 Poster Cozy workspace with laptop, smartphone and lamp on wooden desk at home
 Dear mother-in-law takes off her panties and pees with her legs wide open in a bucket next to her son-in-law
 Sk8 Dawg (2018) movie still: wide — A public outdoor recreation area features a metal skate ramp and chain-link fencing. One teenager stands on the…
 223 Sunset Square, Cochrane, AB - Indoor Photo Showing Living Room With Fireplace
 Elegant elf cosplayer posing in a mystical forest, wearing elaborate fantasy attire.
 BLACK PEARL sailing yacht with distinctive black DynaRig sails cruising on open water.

==

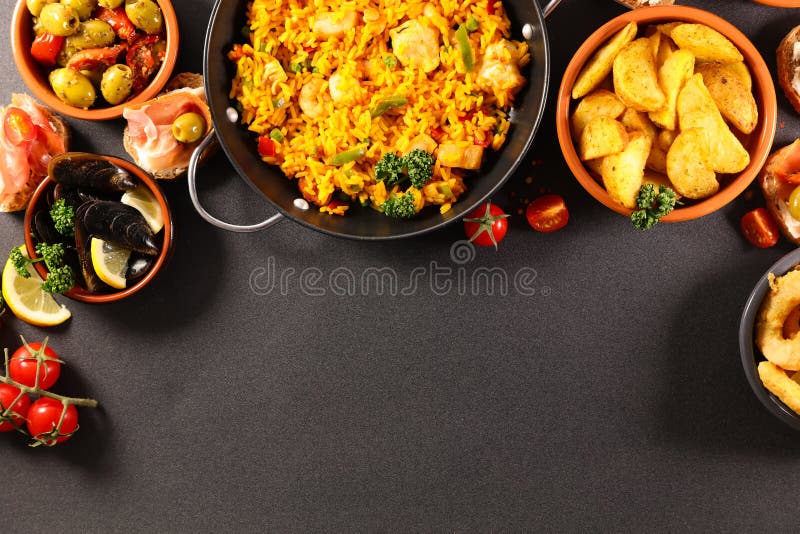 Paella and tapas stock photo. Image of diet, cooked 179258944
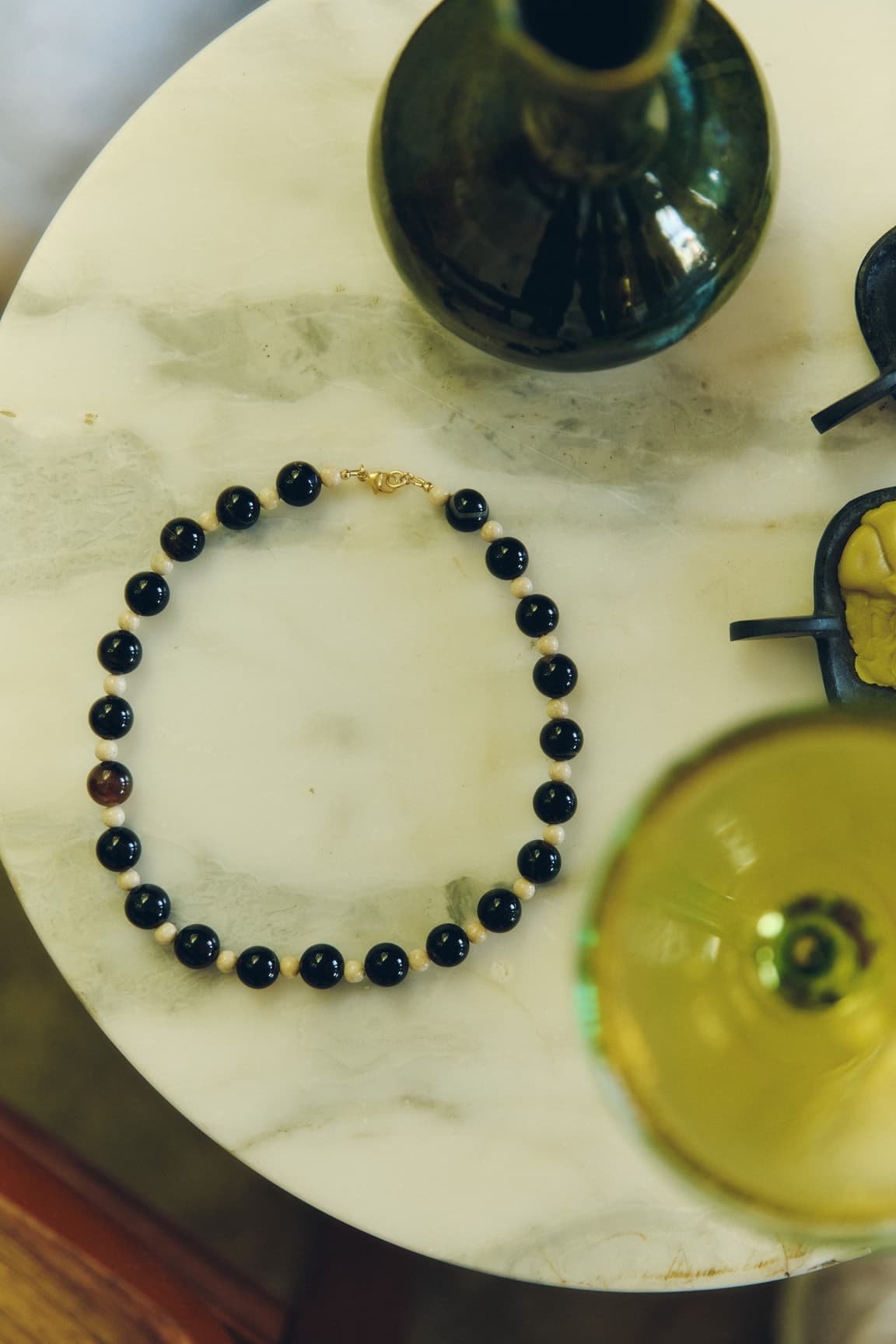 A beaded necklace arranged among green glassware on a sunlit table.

---

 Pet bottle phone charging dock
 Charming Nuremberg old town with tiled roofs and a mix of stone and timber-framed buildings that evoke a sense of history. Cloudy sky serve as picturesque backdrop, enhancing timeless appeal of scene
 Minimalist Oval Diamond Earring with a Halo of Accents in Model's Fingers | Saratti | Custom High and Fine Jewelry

## Brief
Starting at the line with "Pet bottle phone charging dock" and ending at the line with "Minimalist Oval Diamond", print each line of the listing above exactly, with no other lines.

## Completed task
 Pet bottle phone charging dock
 Charming Nuremberg old town with tiled roofs and a mix of stone and timber-framed buildings that evoke a sense of history. Cloudy sky serve as picturesque backdrop, enhancing timeless appeal of scene
 Minimalist Oval Diamond Earring with a Halo of Accents in Model's Fingers | Saratti | Custom High and Fine Jewelry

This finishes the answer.